Si un injerto muestra signos de rechazo o fracaso, el tratamiento dependerá de la causa y la gravedad:

  • Tratamiento de la infección: Con antibióticos tópicos o sistémicos.
  • Drenaje de colecciones: Se pueden drenar los hematomas o seromas para permitir que el injerto se adhiera.
  • Revisión quirúrgica: En muchos casos, el injerto fallido debe ser retirado (desbridado) y, una vez que la herida esté en condiciones óptimas, se puede intentar un nuevo procedimiento de injerto.

Preguntas Frecuentes (FAQ)

¿Todo injerto de un donante es rechazado?

Sí, a menos que el donante sea un gemelo idéntico. Un aloinjerto de un donante no emparentado será siempre rechazado por el sistema inmunitario tarde o temprano. Su uso es una medida temporal para estabilizar al paciente y proteger la herida mientras se prepara una solución definitiva, como un autoinjerto.
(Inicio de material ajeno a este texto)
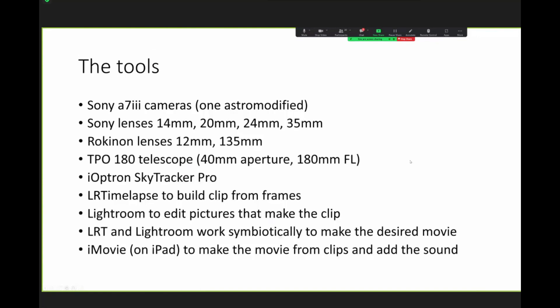So tools Sony A7 III cameras one astro modified lenses I also use lenses Sony lenses are wonderful I love them they're so good I use Rokinon but they're expensive I was Rokinon lenses just manual I for astrophotography you don't need all the focus and all that stuff because you do things manually anyway so I use the lenses 12 and I have two 12 millimeters that's super wide and longer focal length 135 millimeters and a little telescope very portable and a little tracker LR time lapse for software Lightroom and iMovie so now you know everything.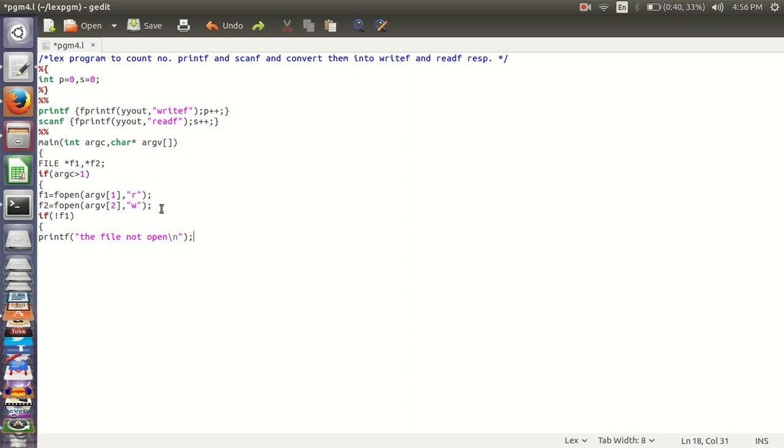Now comes file 2 input, yyin, f1, yyout into f2 and yylex.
¿Cuánto tiempo tarda en saberse si un injerto ha sido exitoso?

Los primeros signos de que un injerto está “prendiendo” se pueden observar a los 3-5 días, cuando empieza a adquirir un tono rosado. La integración se considera estable después de 7 a 10 días, aunque el proceso completo de maduración y cicatrización puede llevar meses.

¿El rechazo de un injerto de piel es doloroso?

Sí, el proceso inflamatorio asociado al rechazo suele ser doloroso. Un aumento del dolor en la zona del injerto después de los primeros días de la cirugía es una señal de alerta que debe ser comunicada al cirujano.

¿Se puede prevenir el rechazo de un aloinjerto?

No se puede prevenir de forma permanente, pero se puede retrasar significativamente mediante el uso de fármacos inmunosupresores. Sin embargo, debido a los efectos secundarios de estos medicamentos, su uso en injertos de piel no suele ser a largo plazo, a diferencia de los trasplantes de órganos vitales.